> _REQUIREMENT_
Return the lines below exactly, from the first one through the line that has "Ferienwohnung Katrin". Leave out everything after it.

<<<<

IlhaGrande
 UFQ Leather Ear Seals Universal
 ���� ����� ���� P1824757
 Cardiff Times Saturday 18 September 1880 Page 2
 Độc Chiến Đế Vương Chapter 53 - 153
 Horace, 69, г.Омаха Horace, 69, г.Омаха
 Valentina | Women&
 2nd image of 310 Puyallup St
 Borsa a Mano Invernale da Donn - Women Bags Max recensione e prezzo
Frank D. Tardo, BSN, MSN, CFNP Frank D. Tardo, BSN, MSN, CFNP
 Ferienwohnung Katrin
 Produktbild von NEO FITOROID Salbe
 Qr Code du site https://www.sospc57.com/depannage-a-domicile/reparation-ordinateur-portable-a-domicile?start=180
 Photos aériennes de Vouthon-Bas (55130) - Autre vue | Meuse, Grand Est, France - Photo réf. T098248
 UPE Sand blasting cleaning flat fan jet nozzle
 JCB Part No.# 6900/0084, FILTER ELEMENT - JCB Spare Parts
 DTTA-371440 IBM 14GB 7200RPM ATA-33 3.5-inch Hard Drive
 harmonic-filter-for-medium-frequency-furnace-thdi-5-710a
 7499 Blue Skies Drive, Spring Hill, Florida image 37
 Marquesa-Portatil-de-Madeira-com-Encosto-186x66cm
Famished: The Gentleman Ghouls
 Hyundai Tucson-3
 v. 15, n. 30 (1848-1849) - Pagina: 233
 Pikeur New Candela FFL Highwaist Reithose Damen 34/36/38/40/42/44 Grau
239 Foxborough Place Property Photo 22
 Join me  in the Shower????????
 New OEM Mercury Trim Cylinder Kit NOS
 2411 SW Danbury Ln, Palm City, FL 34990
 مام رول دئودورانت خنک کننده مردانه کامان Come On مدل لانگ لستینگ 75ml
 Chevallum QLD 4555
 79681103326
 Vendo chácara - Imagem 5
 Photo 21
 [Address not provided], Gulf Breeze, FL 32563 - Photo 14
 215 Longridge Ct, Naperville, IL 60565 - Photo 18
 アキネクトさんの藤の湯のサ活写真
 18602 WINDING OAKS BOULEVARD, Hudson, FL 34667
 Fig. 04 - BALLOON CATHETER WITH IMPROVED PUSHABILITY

>>>>

> _SOLUTION FOR THIS TASK_
IlhaGrande
 UFQ Leather Ear Seals Universal
 ���� ����� ���� P1824757
 Cardiff Times Saturday 18 September 1880 Page 2
 Độc Chiến Đế Vương Chapter 53 - 153
 Horace, 69, г.Омаха Horace, 69, г.Омаха
 Valentina | Women&
 2nd image of 310 Puyallup St
 Borsa a Mano Invernale da Donn - Women Bags Max recensione e prezzo
Frank D. Tardo, BSN, MSN, CFNP Frank D. Tardo, BSN, MSN, CFNP
 Ferienwohnung Katrin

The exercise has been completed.